POR OSCAR GONZÁLEZ AZUELA, CRONISTA DE CRONISTA DE LAGOS DE MORENO, JALISCO (MÉXICO)
Mi vida ha estado rodeada por mujeres. Tenemos una, la que nos da la vida, la tuve espléndida, existencia digna de novela; una Nana simpática y cariñosa cuyo nombre pronuncié antes que el de mi mamá: Maía. Más que enojarse, siempre me lo festejó.
La presencia femenina se potenció a través de mis abuelas; a ambas conocí y de ellas recibí una especie de moraleja en torno a la sobrevivencia a los tiempos de la revolución; la alteña querida por todos, la norteña, ruda y celosa, querida solo por mí; de ella escuché relatos escalofriantes en medio de su risa arterioesclerótica.
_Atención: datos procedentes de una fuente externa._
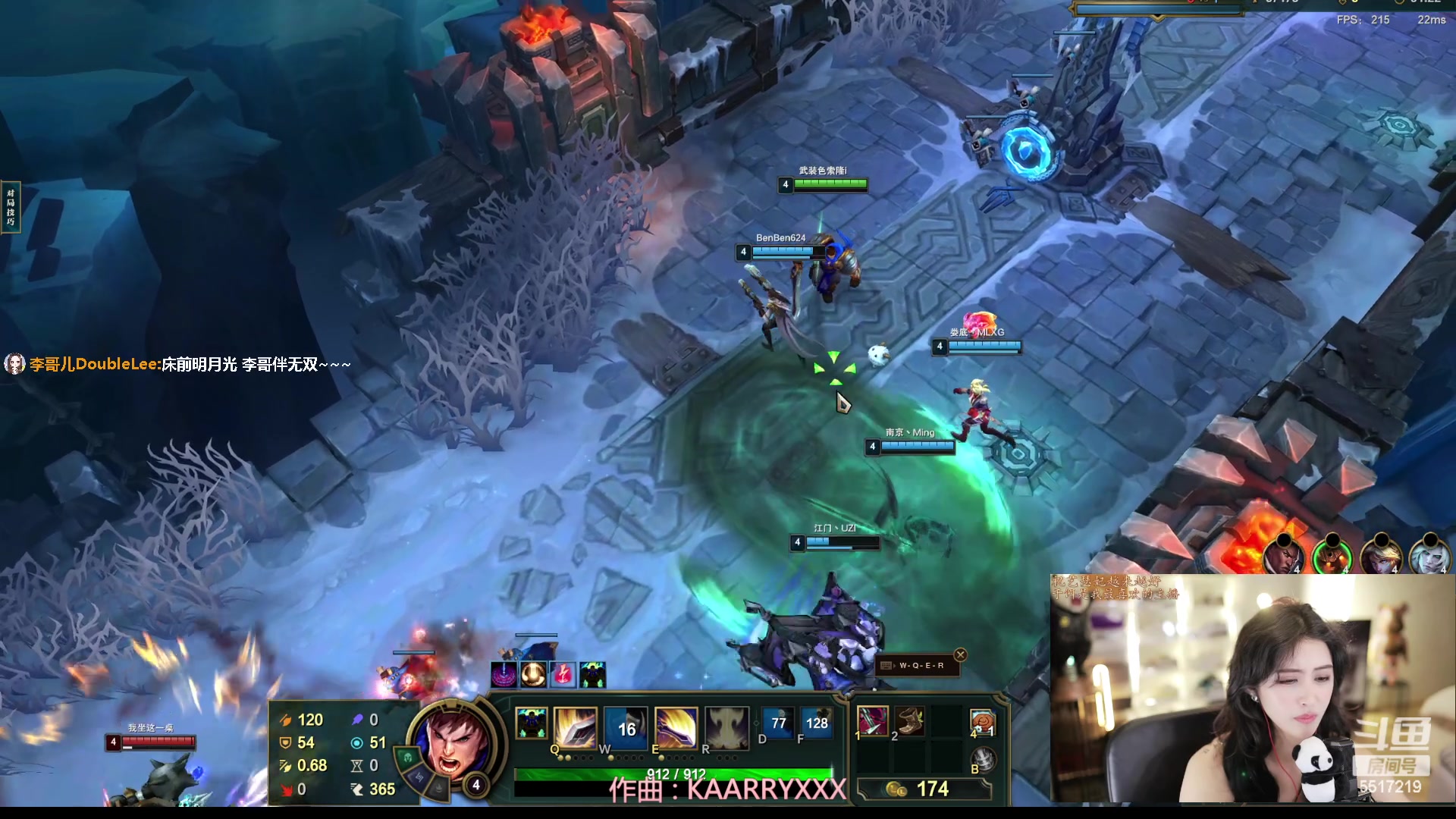 【2023-11-07 22点场】李哥儿DoubleLee：今天也要开心鸭 5517219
Fui el menor de siete, protegido por cinco hermanas, luchonas, simpáticas y directas; cinco tías por línea materna, incontables primas que como garbanzos de rosario se reunían en agridulces posadas que iban del indescifrable ora pro nobis a la piñata en la que difícilmente alcanzaba un cacahuate dada mi condición de nieto muy menor, reuniones que se esfumaron a la muerte de la abuela.
Siempre fiel en el amor -uno a la vez-, dos espléndidas mujeres me han dado descendencia, todas amor verdadero, muy bien correspondido.
De mis dos hijas aprendí que una niña decidida puede doblar acero y acabar con el sentido común; de mis dos nietas la razón del ser y la luz de la esperanza.
Bendito Dios que hiciste a la mujer de una costilla, con átomos de luz de estrella, de universo e infinito.